What the task asks ▸ Each line from the one containing "Gram-negative Pseudomonas" through the last line of the records is to be repeated exactly, with all pictures left out.

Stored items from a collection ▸

------------------------------

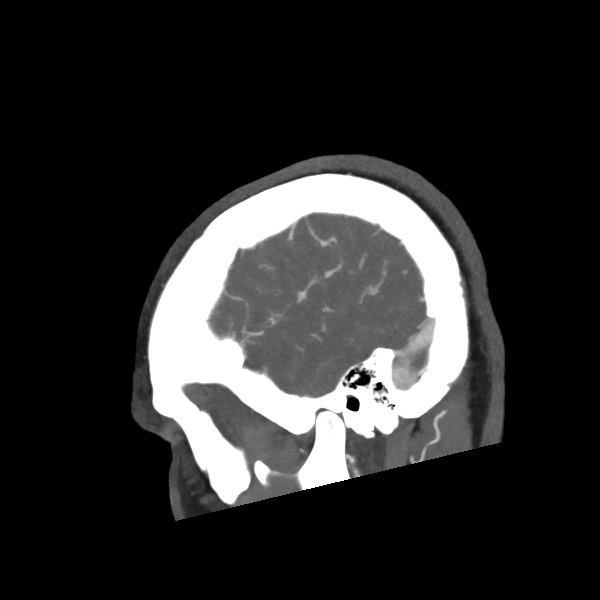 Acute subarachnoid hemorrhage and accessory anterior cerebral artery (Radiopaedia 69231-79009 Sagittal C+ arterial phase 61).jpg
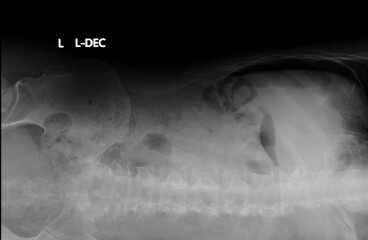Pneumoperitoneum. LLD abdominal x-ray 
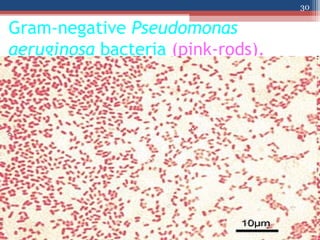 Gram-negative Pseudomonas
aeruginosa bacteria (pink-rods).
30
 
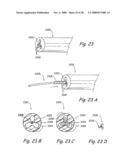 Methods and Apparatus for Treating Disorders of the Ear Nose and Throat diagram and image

------------------------------

Solution to this exercise ▸
 Gram-negative Pseudomonas
aeruginosa bacteria (pink-rods).
30
 
 Methods and Apparatus for Treating Disorders of the Ear Nose and Throat diagram and image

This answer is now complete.